# Extracted entries:
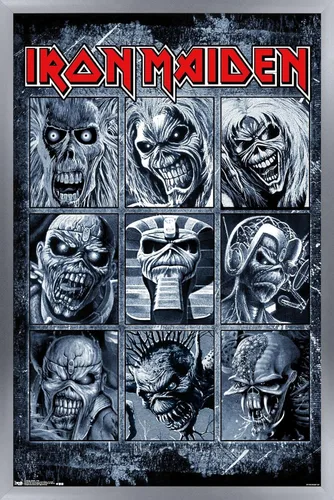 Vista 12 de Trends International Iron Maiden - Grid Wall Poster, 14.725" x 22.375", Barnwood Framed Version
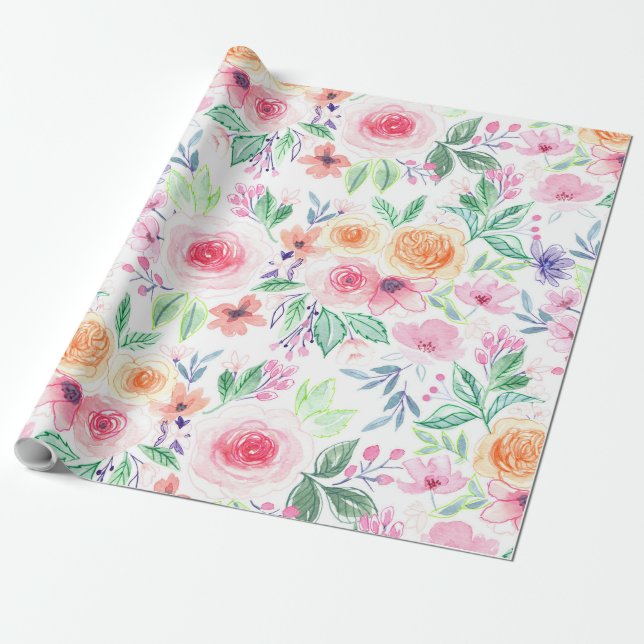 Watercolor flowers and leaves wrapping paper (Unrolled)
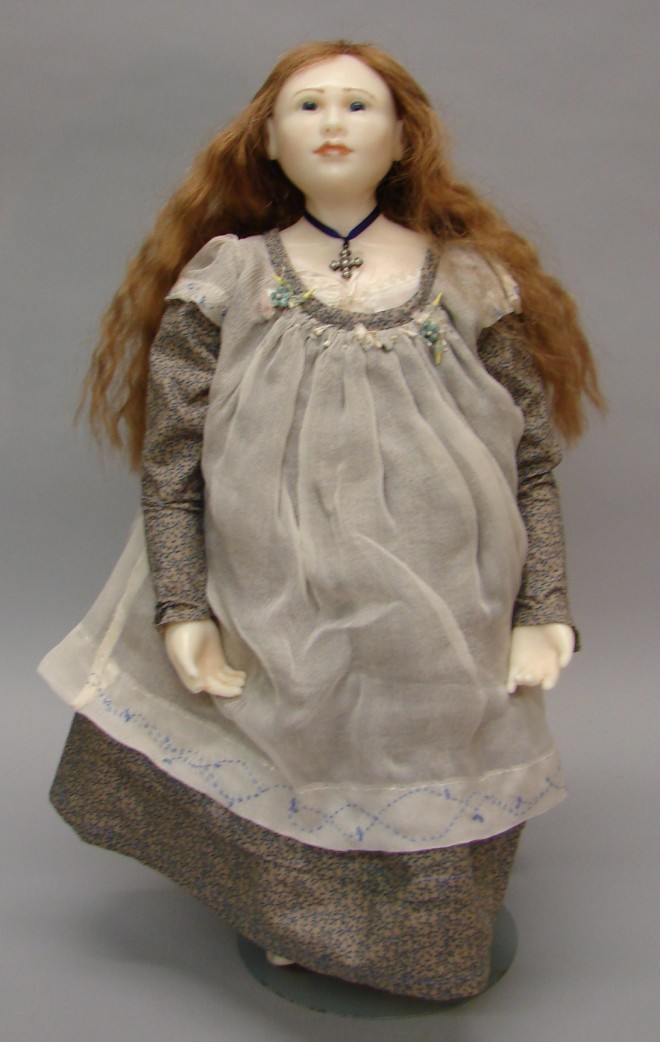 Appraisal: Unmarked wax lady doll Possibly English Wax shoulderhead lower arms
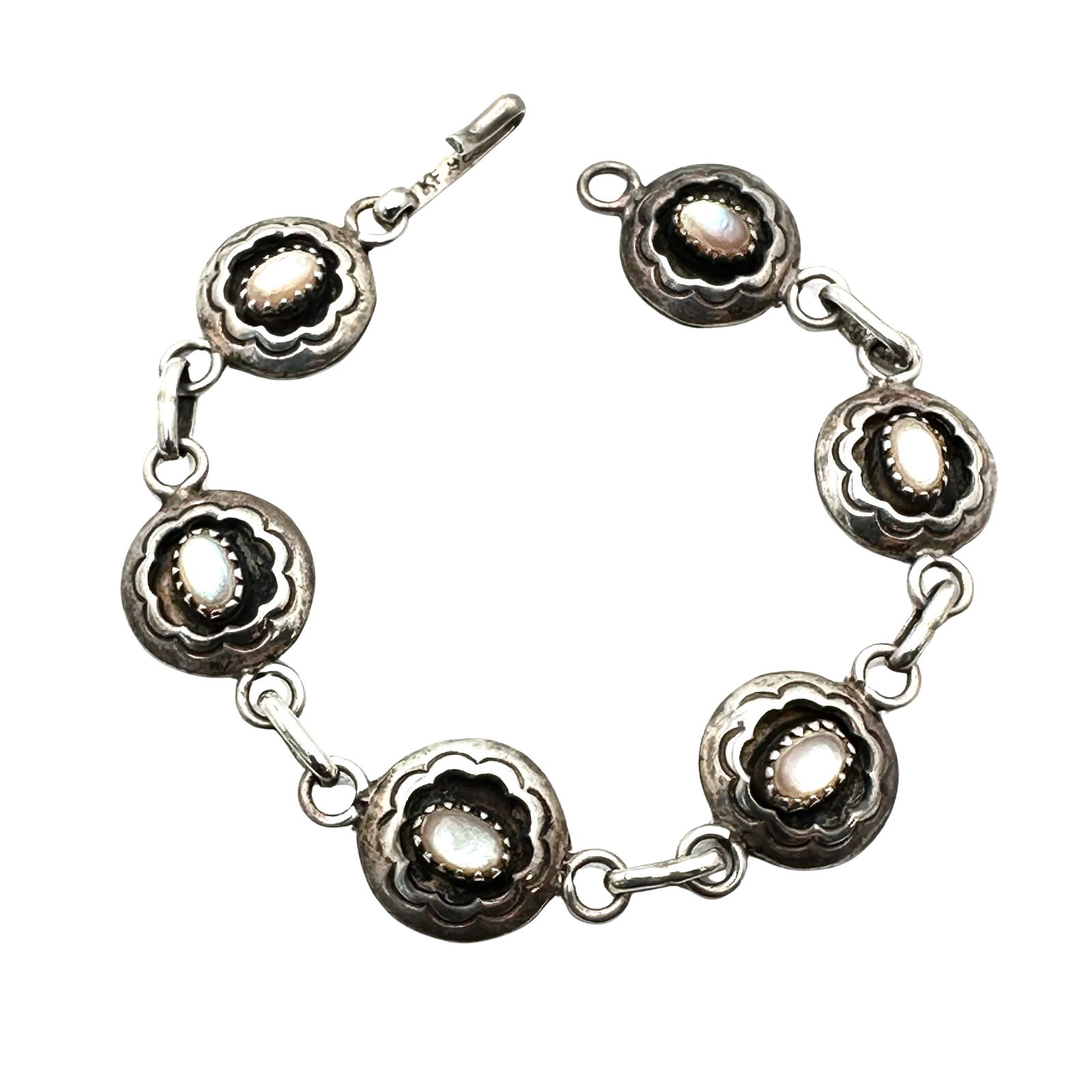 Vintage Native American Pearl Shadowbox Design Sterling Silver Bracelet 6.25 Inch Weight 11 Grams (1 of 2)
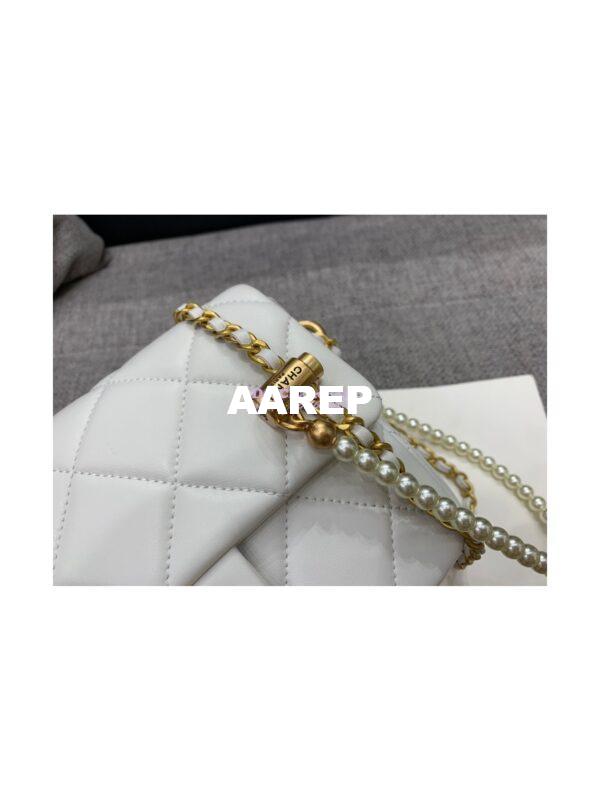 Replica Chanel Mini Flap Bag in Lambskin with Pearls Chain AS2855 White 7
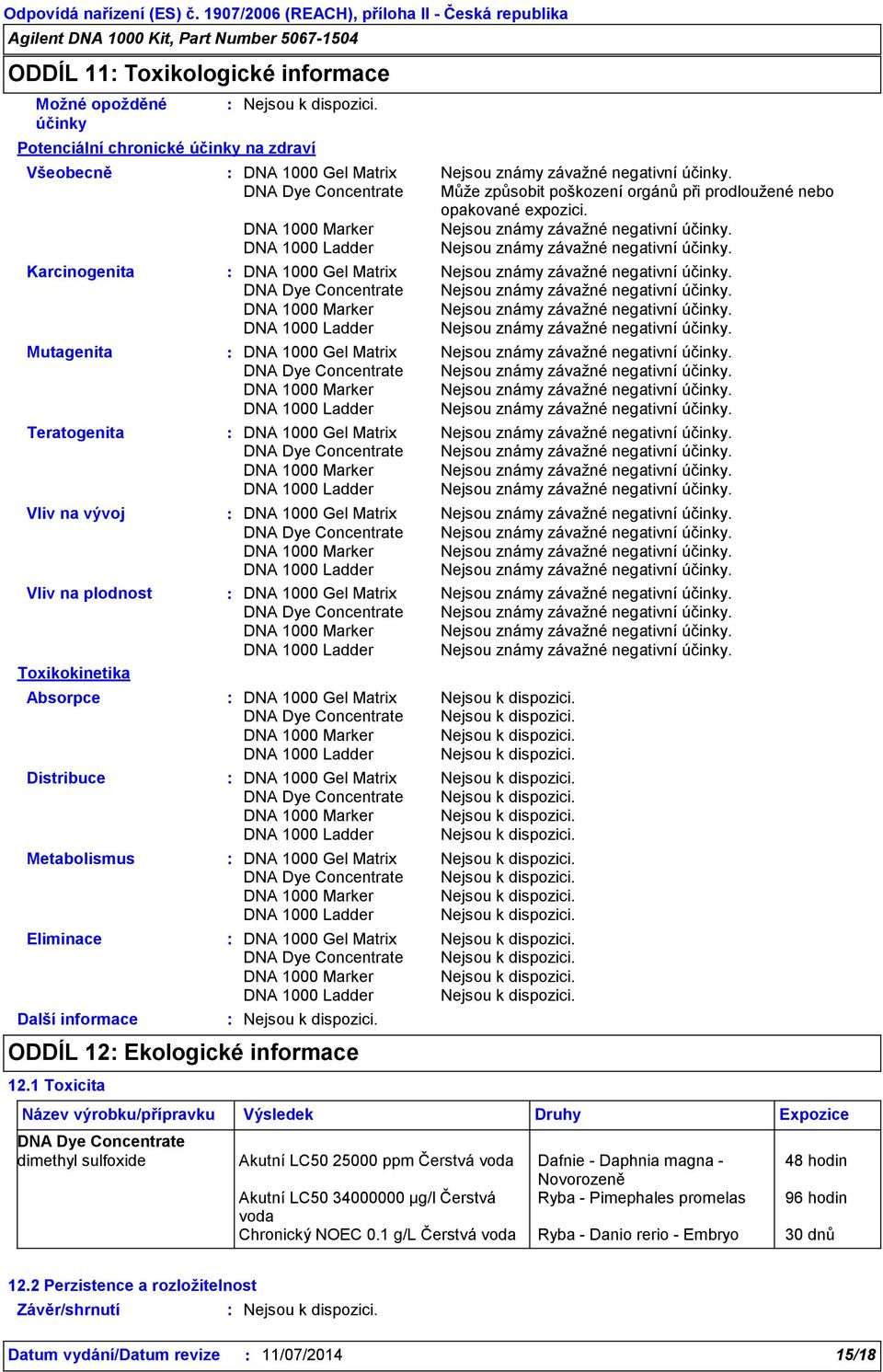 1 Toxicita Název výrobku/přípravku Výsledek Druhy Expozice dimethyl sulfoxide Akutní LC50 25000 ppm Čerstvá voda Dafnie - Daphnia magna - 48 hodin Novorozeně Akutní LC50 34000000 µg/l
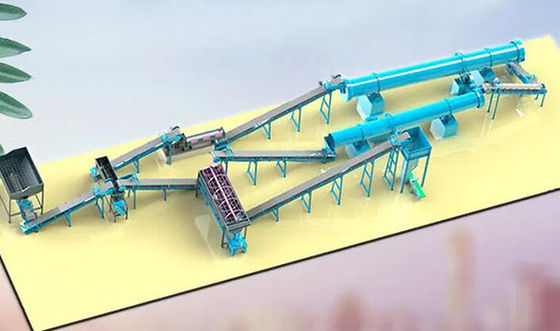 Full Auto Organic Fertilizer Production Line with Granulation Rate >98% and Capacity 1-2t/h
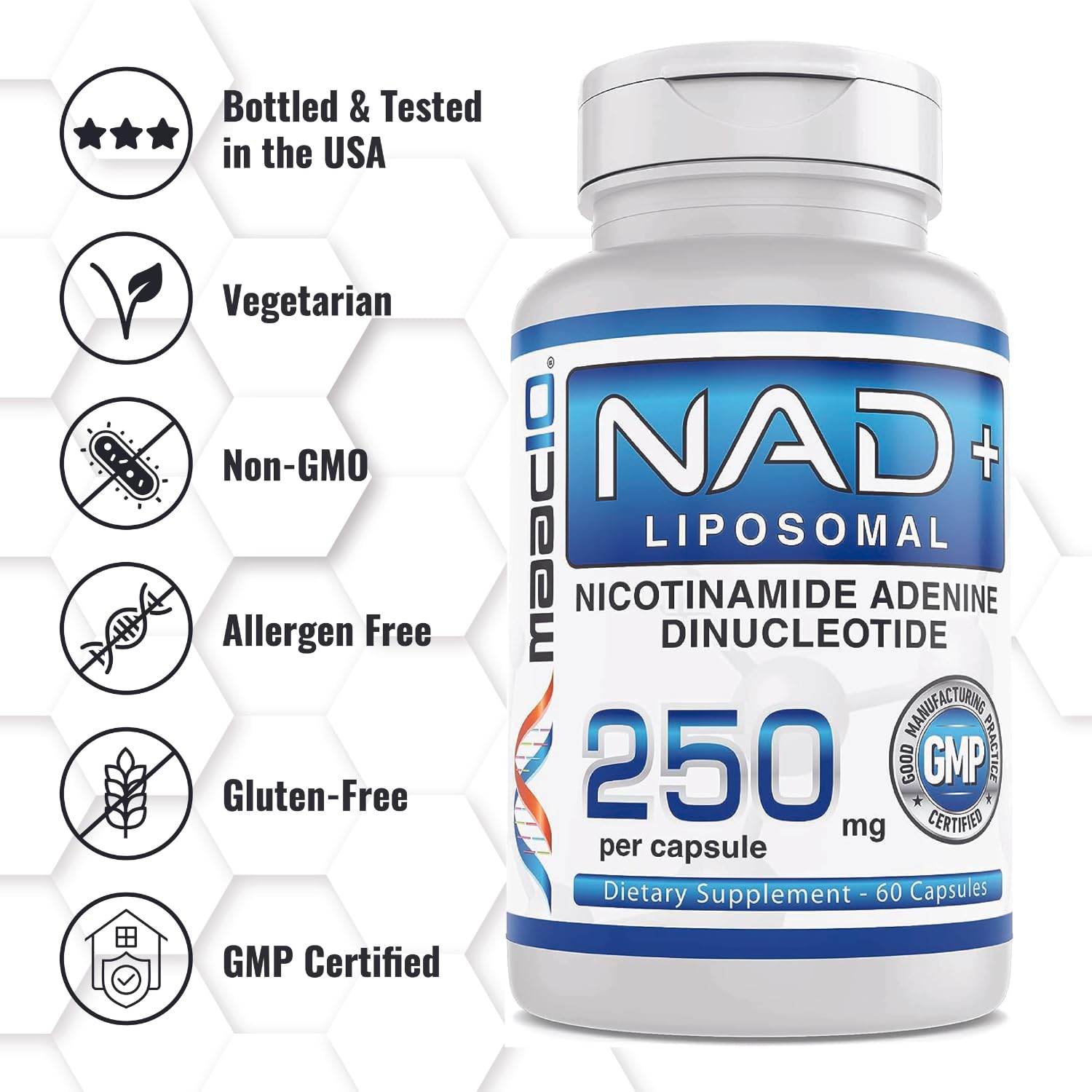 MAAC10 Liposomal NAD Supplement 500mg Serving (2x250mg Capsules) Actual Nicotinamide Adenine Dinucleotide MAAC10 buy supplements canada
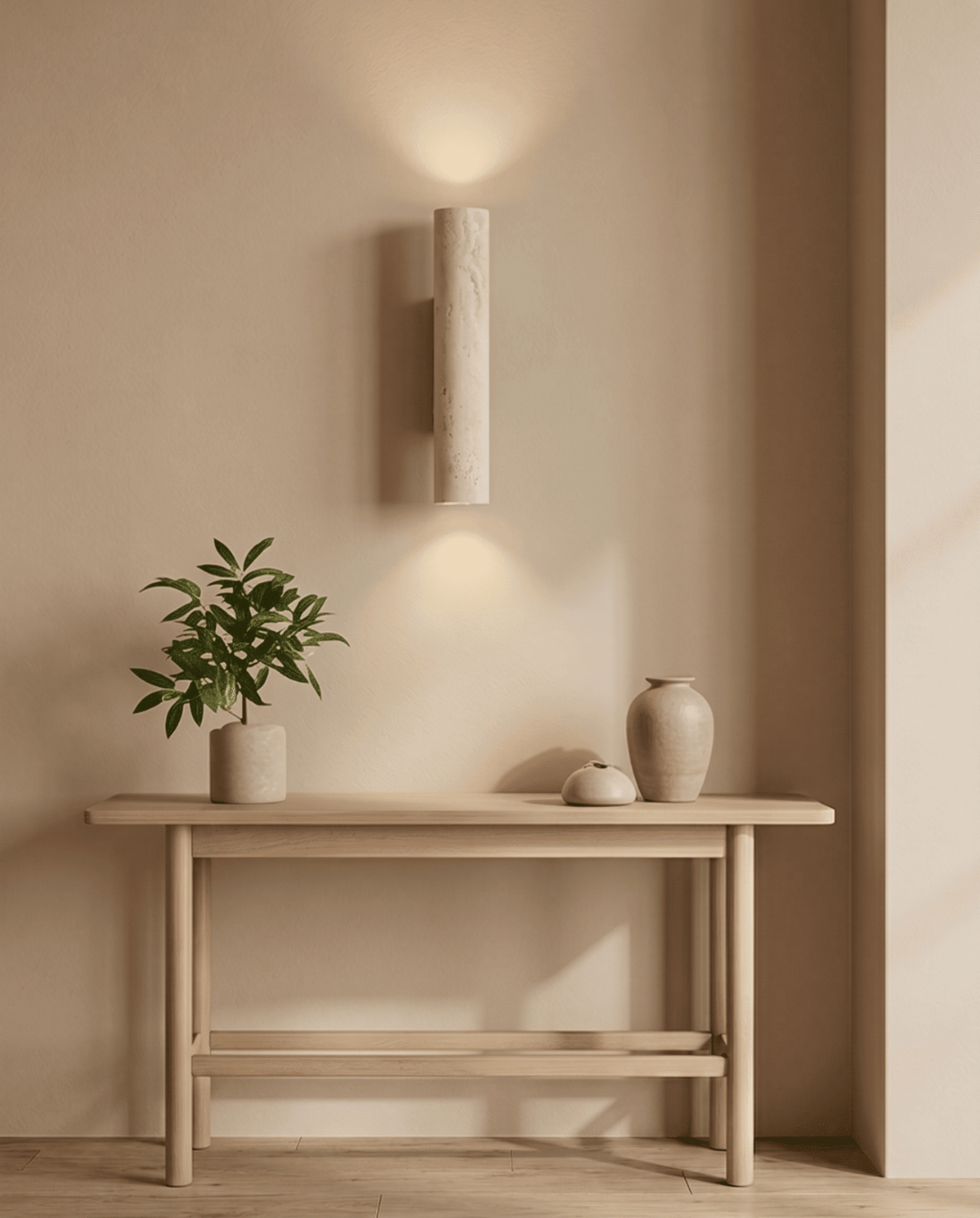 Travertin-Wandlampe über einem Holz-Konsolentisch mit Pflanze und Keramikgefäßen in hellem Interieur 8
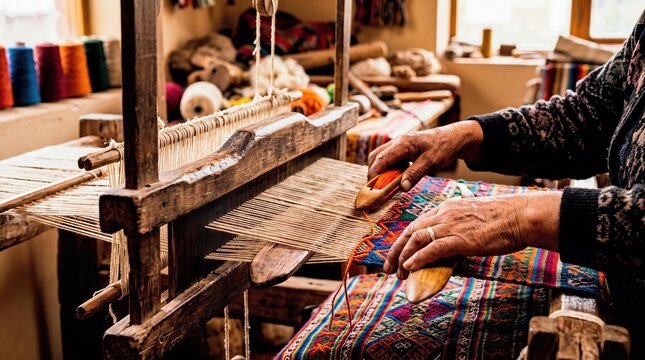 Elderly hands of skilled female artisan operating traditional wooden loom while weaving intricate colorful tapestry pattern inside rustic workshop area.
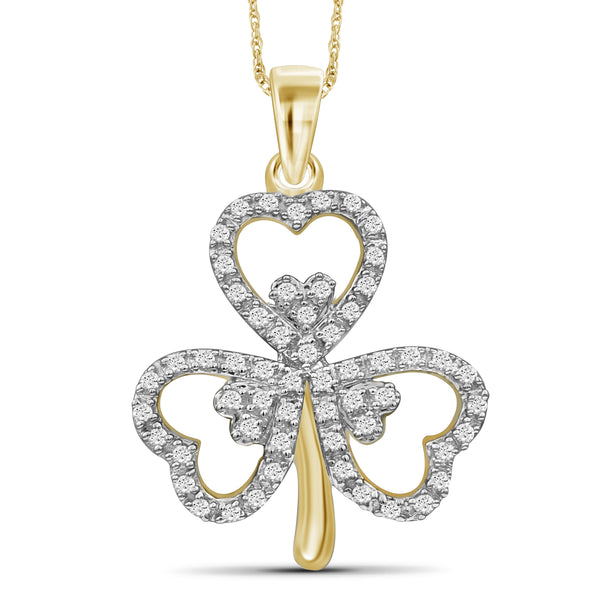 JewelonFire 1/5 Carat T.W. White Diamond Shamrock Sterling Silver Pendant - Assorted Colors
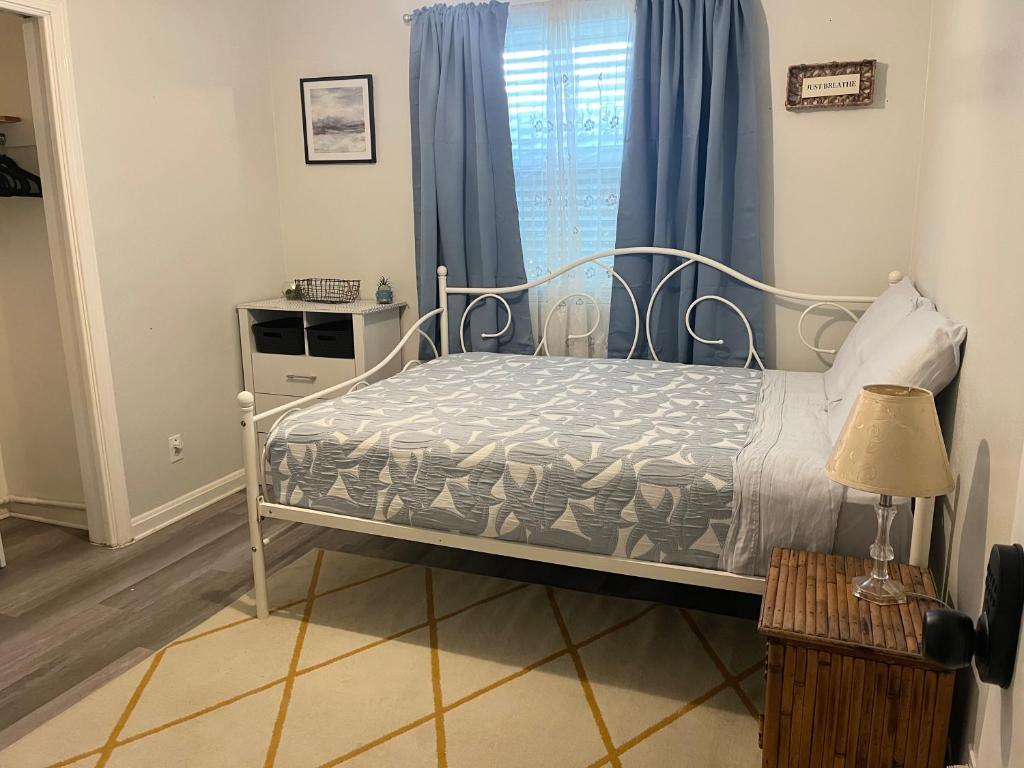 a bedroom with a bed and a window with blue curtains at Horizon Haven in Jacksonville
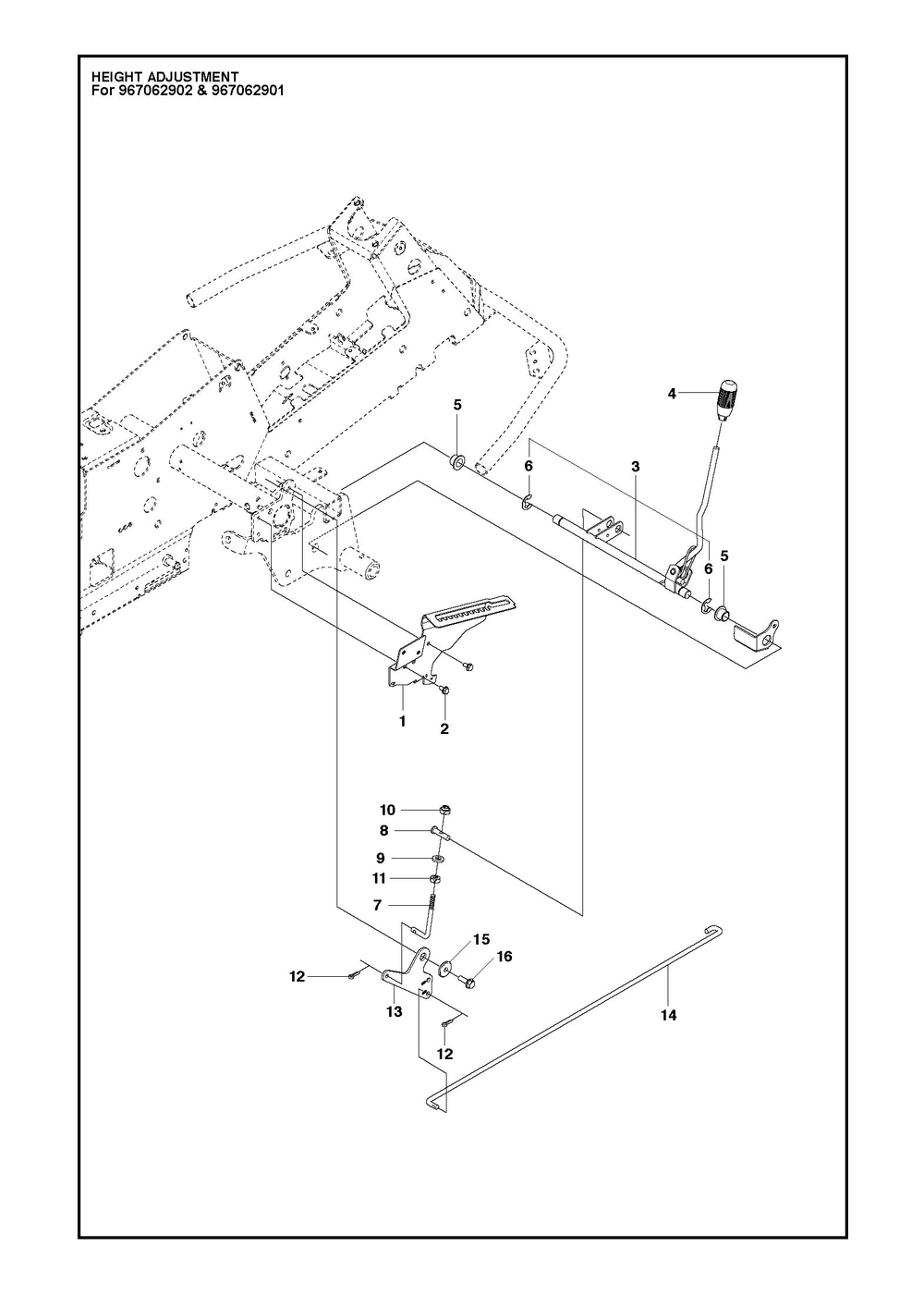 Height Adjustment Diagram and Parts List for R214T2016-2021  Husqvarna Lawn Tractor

# What you need to do:
Pictures do not belong in the copy. Please reproduce the entries above exactly otherwise.

# Answer section:
 Vista 12 de Trends International Iron Maiden - Grid Wall Poster, 14.725" x 22.375", Barnwood Framed Version
 Watercolor flowers and leaves wrapping paper (Unrolled)
 Appraisal: Unmarked wax lady doll Possibly English Wax shoulderhead lower arms
 Vintage Native American Pearl Shadowbox Design Sterling Silver Bracelet 6.25 Inch Weight 11 Grams (1 of 2)
 Replica Chanel Mini Flap Bag in Lambskin with Pearls Chain AS2855 White 7
 1 Toxicita Název výrobku/přípravku Výsledek Druhy Expozice dimethyl sulfoxide Akutní LC50 25000 ppm Čerstvá voda Dafnie - Daphnia magna - 48 hodin Novorozeně Akutní LC50 34000000 µg/l
 Full Auto Organic Fertilizer Production Line with Granulation Rate >98% and Capacity 1-2t/h
 MAAC10 Liposomal NAD Supplement 500mg Serving (2x250mg Capsules) Actual Nicotinamide Adenine Dinucleotide MAAC10 buy supplements canada
 Travertin-Wandlampe über einem Holz-Konsolentisch mit Pflanze und Keramikgefäßen in hellem Interieur 8
 Elderly hands of skilled female artisan operating traditional wooden loom while weaving intricate colorful tapestry pattern inside rustic workshop area.
 JewelonFire 1/5 Carat T.W. White Diamond Shamrock Sterling Silver Pendant - Assorted Colors
 a bedroom with a bed and a window with blue curtains at Horizon Haven in Jacksonville
 Height Adjustment Diagram and Parts List for R214T2016-2021  Husqvarna Lawn Tractor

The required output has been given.